Entries taken from a collection
--*--
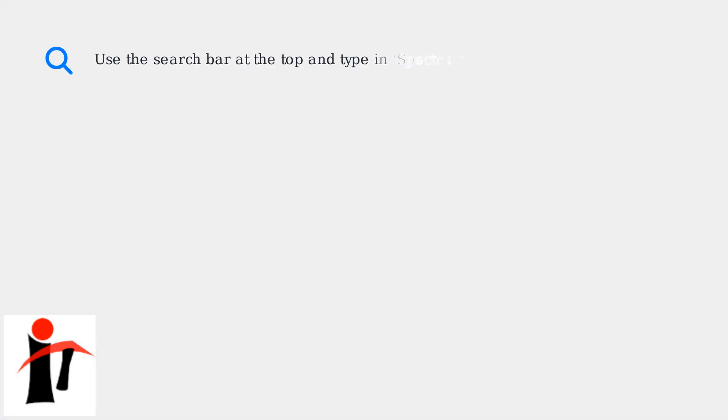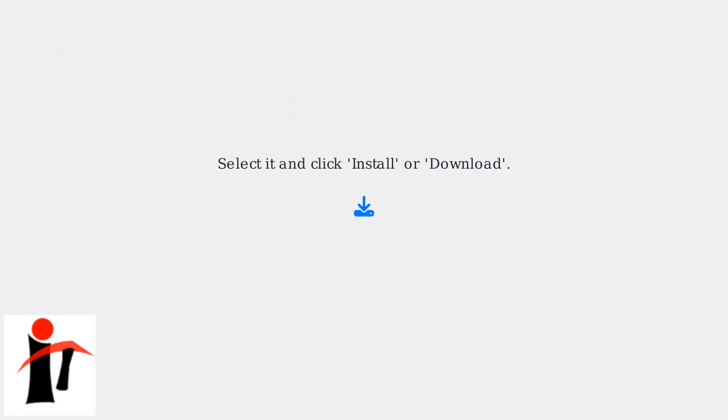Use the search bar at the top and type in Spectrum TV. Look for the official app with the Spectrum logo. Select it and click Install or Download.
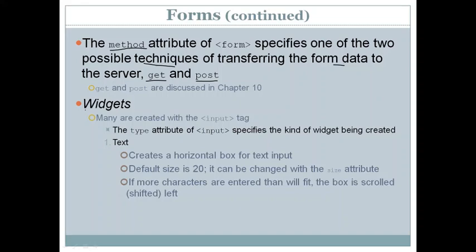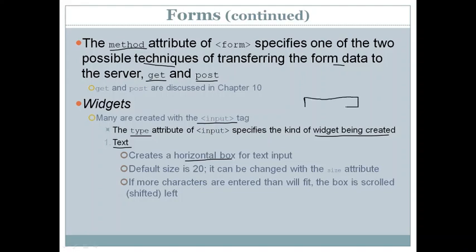The form contains widgets, and many of these widgets are created using a tag called the input tag. The input tag contains an attribute called type, which specifies the kind of widget being created. To create a text box in HTML or XHTML, specify the type as "text". This creates a horizontal box for text input.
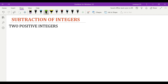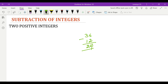Subtraction of integers: just as we have three different cases in addition, even in subtraction we will have all three different ways. The first one is to subtract two positive integers, which is the same as subtracting two whole numbers. For example, 36 and 12 are two positive integers, and while subtracting them we do the normal process and write down the answer.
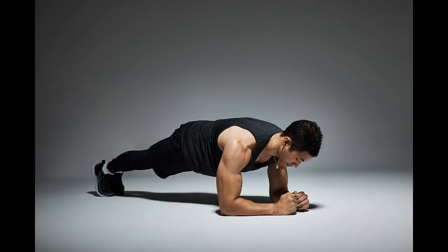Now it's 10 seconds, 9, 8, 7, 6, 5, 4, 3, 2, 1, 0. All right, that is my full body workout that I do pretty much not every day, but I try to do it almost every day.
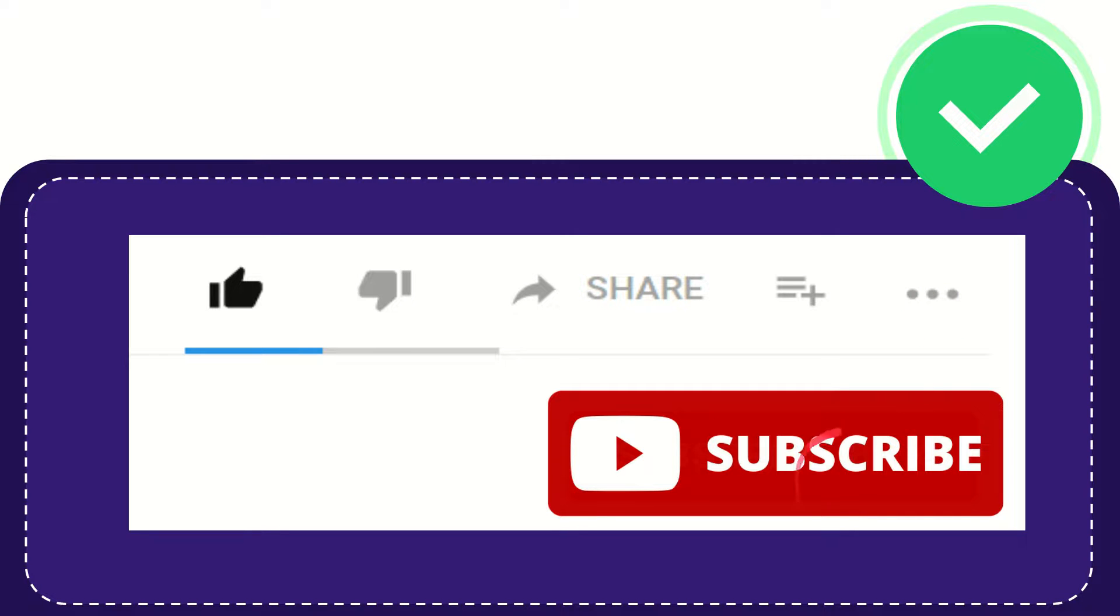And yeah, don't forget to subscribe. I think that's all of it. Thank you so much for watching this video and see you again in another video. Bye bye. See you again.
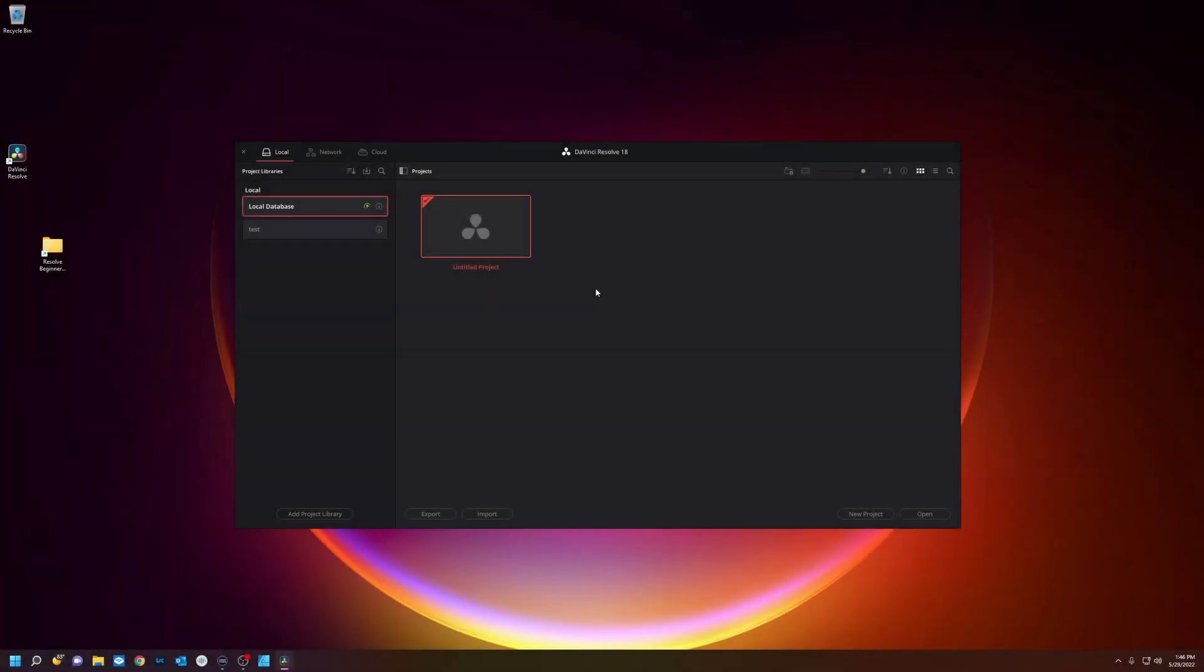So you downloaded DaVinci Resolve 18 and you have no idea what's going on, and now I'm going to show you DaVinci Resolve for beginners.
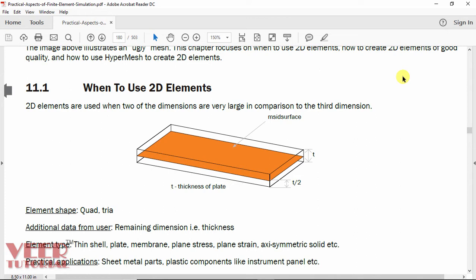First of all, we will know what is mid-surfacing. Mid-surfacing is used in case of 2D meshing. 2D elements are used when two of the dimensions are very large as compared to the third dimension. Consider the example of a plate — it has length, width, and thickness. The length and width are much higher as compared to the thickness.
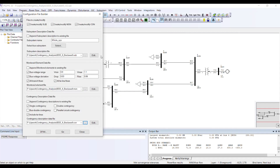Once I am done with this, I have given all the file names and options I want for each particular file. The last step is to press Go, and PSSE will create all three files.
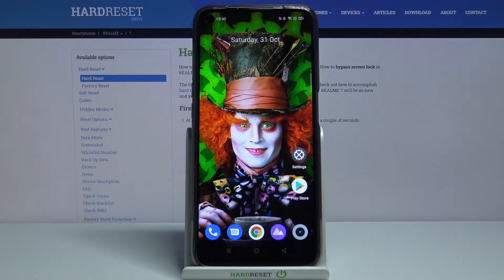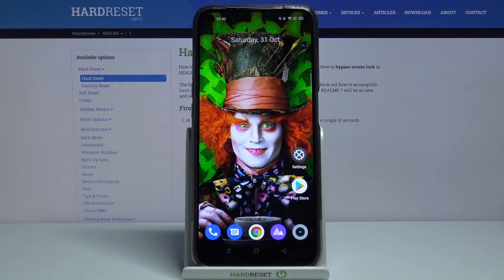Hi! In front of me is Realme 7 and today I would like to show you how you can customize the keyboard theme on this device.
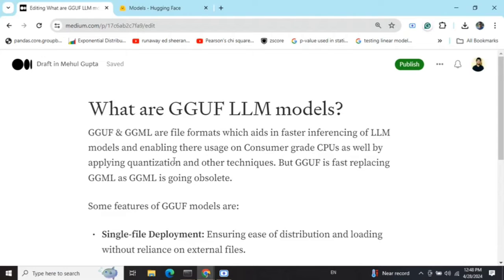That is why GGUF formats are very important. GGUF format is rapidly replacing GGML format — GGML came first, and GGUF is an improvement over the GGML format.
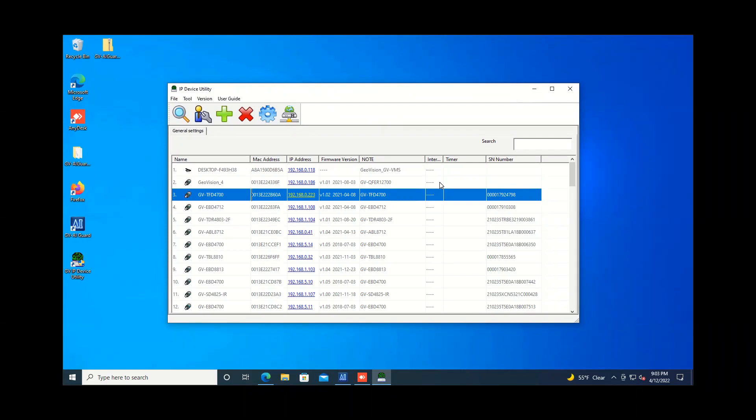So again, recently we released the IP device utility version 8.9.6, which is our IP scan tool that helps you find cameras on your network. This is a product that we have had for quite a while. It really helps you with IP addressing, checking firmwares and doing firmware updates. It shows you the MAC address.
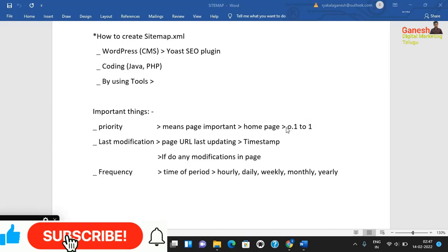In the home page section, we can display this option. The next element is last modification. This is the date and time a page URL was last updated. If you do any modifications to a page on your website, the last modification timestamp will be updated to reflect when that change occurred.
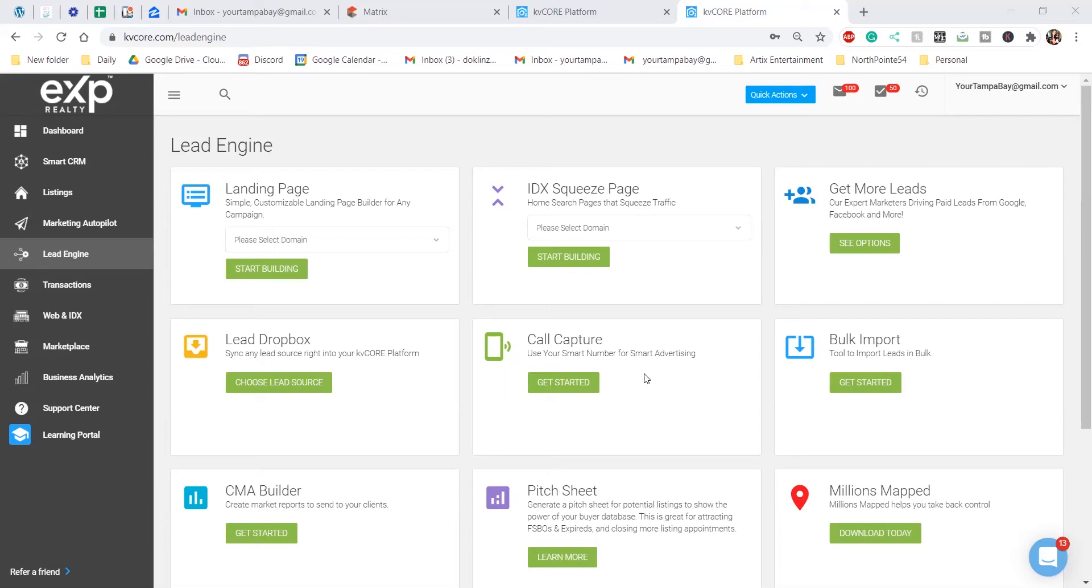The idea is this squeeze page generates leads and then you need to do something about these leads. You can personally call them, or if you have a great relationship with the lender, you guys can kind of tag team the situation.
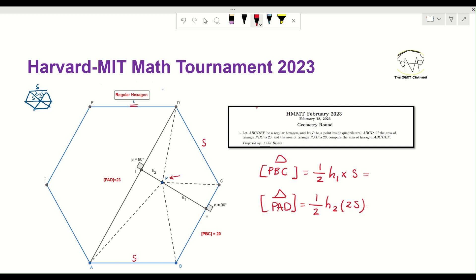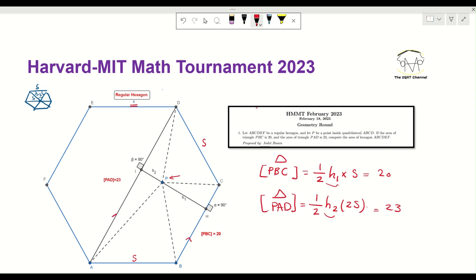The area of PBC is given as 20 and the area of PAD is given as 23. Now let's focus on other things. We know that h1 and h2 are heights, and we also know that BC and AD are going to be parallel. If you're unsure why, you just need to play with the angles. Since these two are parallel, the point P means h1 and h2 lie along a single line.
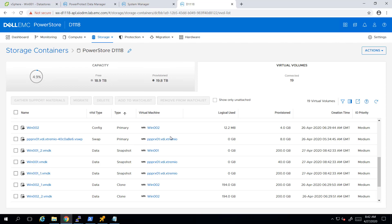Under the name of the VM, we can see that these snapshots are now connected to the proxy VM, which is using hot-add backup mode to backup the data. This unique integration between Dell EMC PowerStore and PowerProtect provides a fast and efficient backup solution.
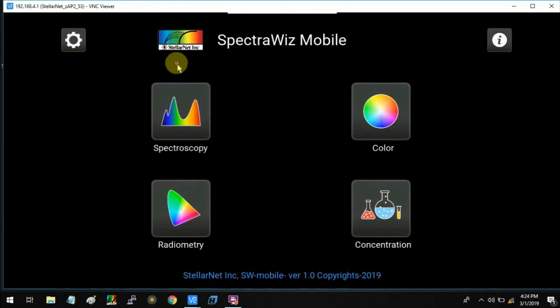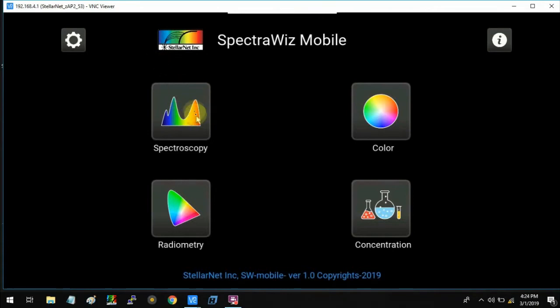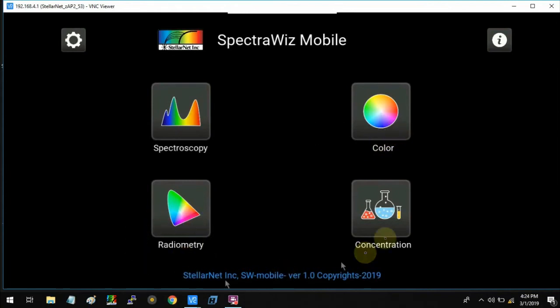As you can see, I have the home page of the SpectroGase mobile app where there are four icons: Spectroscopy, Color, Radiometry, and Concentration.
--*--
### EXERCISE OBJECTIVE
Print exactly, with no pictures, the lines above from the one that holds "So you downloaded" through the one that holds "So again, recently", both of them included.

### TASK OUTPUT
So you downloaded DaVinci Resolve 18 and you have no idea what's going on, and now I'm going to show you DaVinci Resolve for beginners.
First of all, we will know what is mid-surfacing. Mid-surfacing is used in case of 2D meshing. 2D elements are used when two of the dimensions are very large as compared to the third dimension. Consider the example of a plate — it has length, width, and thickness. The length and width are much higher as compared to the thickness.
Once I am done with this, I have given all the file names and options I want for each particular file. The last step is to press Go, and PSSE will create all three files.
Hi! In front of me is Realme 7 and today I would like to show you how you can customize the keyboard theme on this device.
That is why GGUF formats are very important. GGUF format is rapidly replacing GGML format — GGML came first, and GGUF is an improvement over the GGML format.
So again, recently we released the IP device utility version 8.9.6, which is our IP scan tool that helps you find cameras on your network. This is a product that we have had for quite a while. It really helps you with IP addressing, checking firmwares and doing firmware updates. It shows you the MAC address.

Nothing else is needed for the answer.